### WHAT YOU WILL DO:
Retype every line of the data below, starting with the first and ending with the line that contains "MITSUBISHI-OUTLANDER-2021", but leave out the pictures.

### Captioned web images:
· · · ·
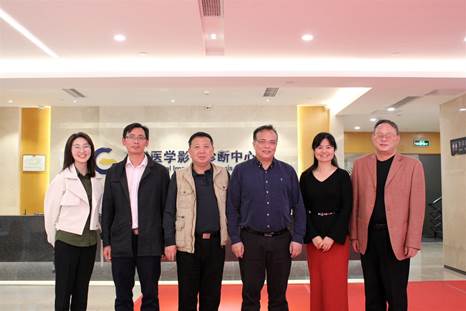 说明: E:\2010-2019年度主要工作\2019年工作\20191212 校长去广州校友会\20191212 校长去广州校友会合照\mmexport1576505751625.jpg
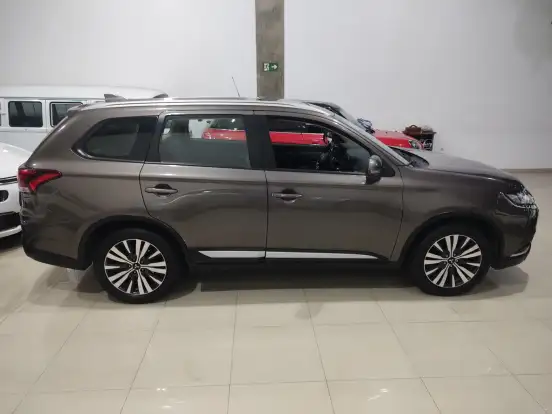 MITSUBISHI-OUTLANDER-2021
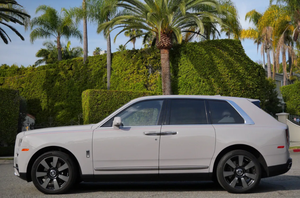 SLATV4C0XRU223810 2024 SUV Industrial AWD V12 6.7L 563hp 850Nm Torque Interior de Cuero Premium 5388 Bajo Kilometraje OEM 3 Años de Garantía - Product Image 4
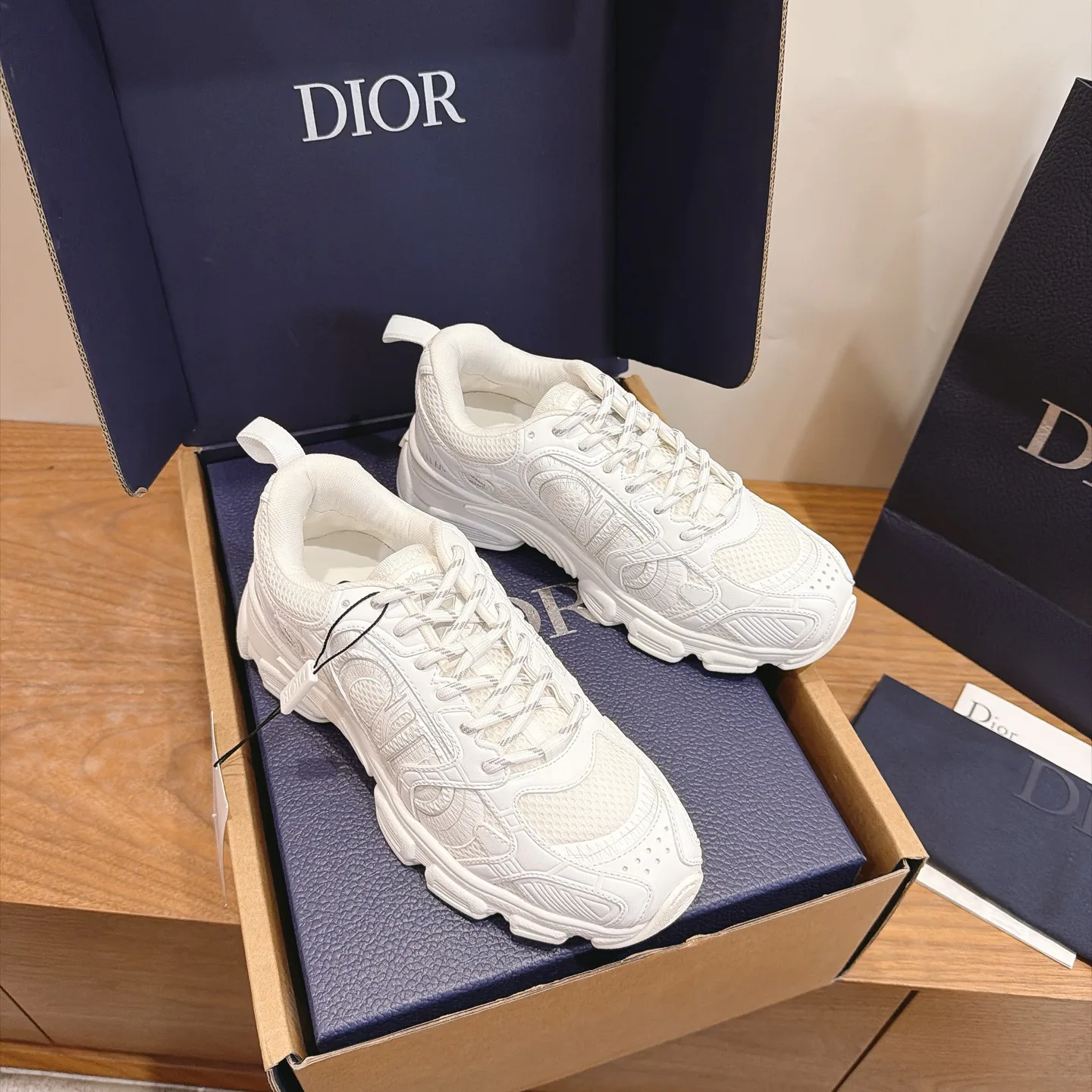 Кроссовки Женские Christian Dior 18765762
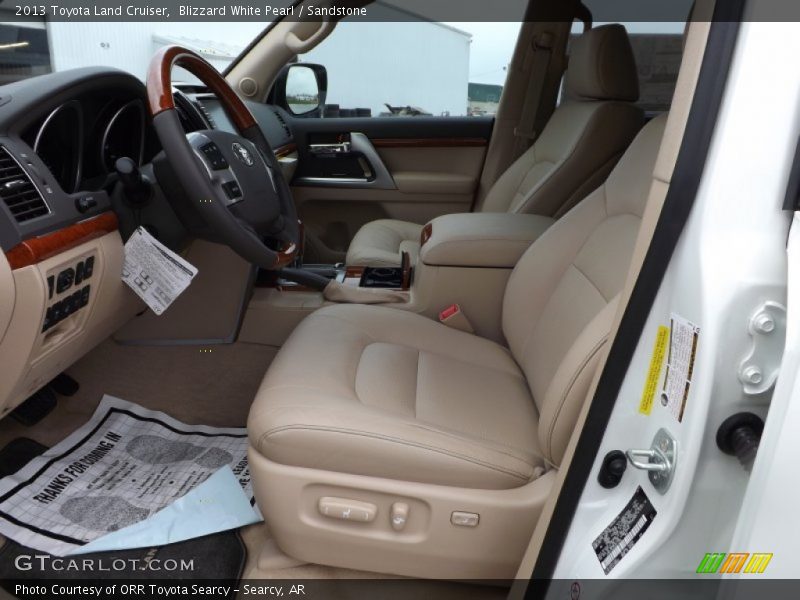 Blizzard White Pearl / Sandstone 2013 Toyota Land Cruiser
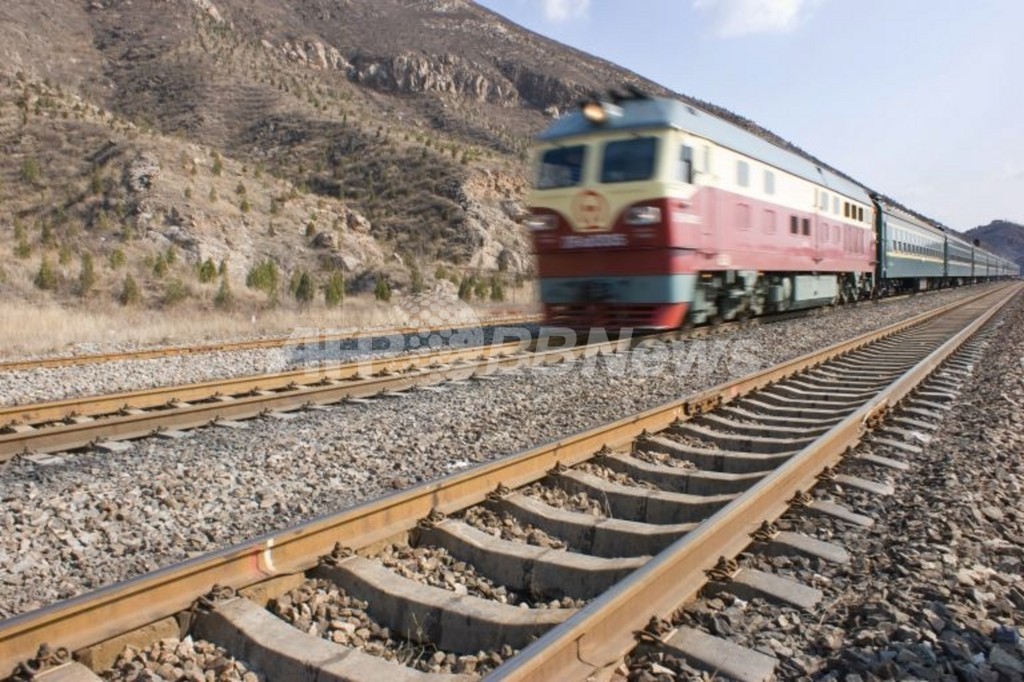 中国、列車乗車時の身分証検査を義務化 北京や自治区行きで 中国、列車乗車時の身分証検査を義務化 北京や自治区行きで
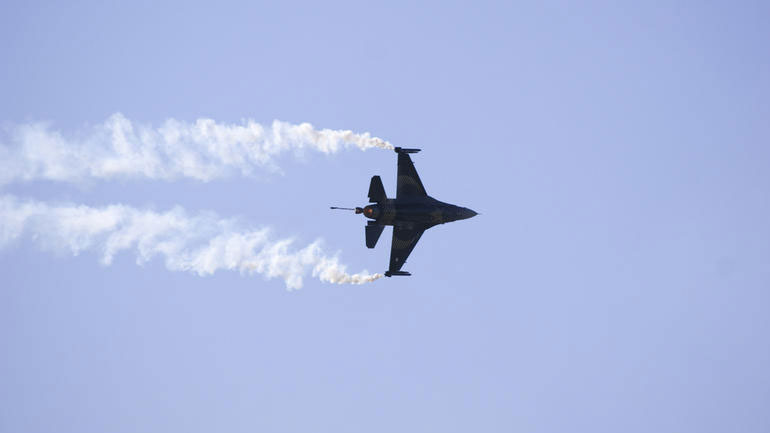 Μπαράζ παραβιάσεων από τουρκικά αεροσκάφη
· · · ·
### TASK RESPONSE:
 说明: E:\2010-2019年度主要工作\2019年工作\20191212 校长去广州校友会\20191212 校长去广州校友会合照\mmexport1576505751625.jpg
 MITSUBISHI-OUTLANDER-2021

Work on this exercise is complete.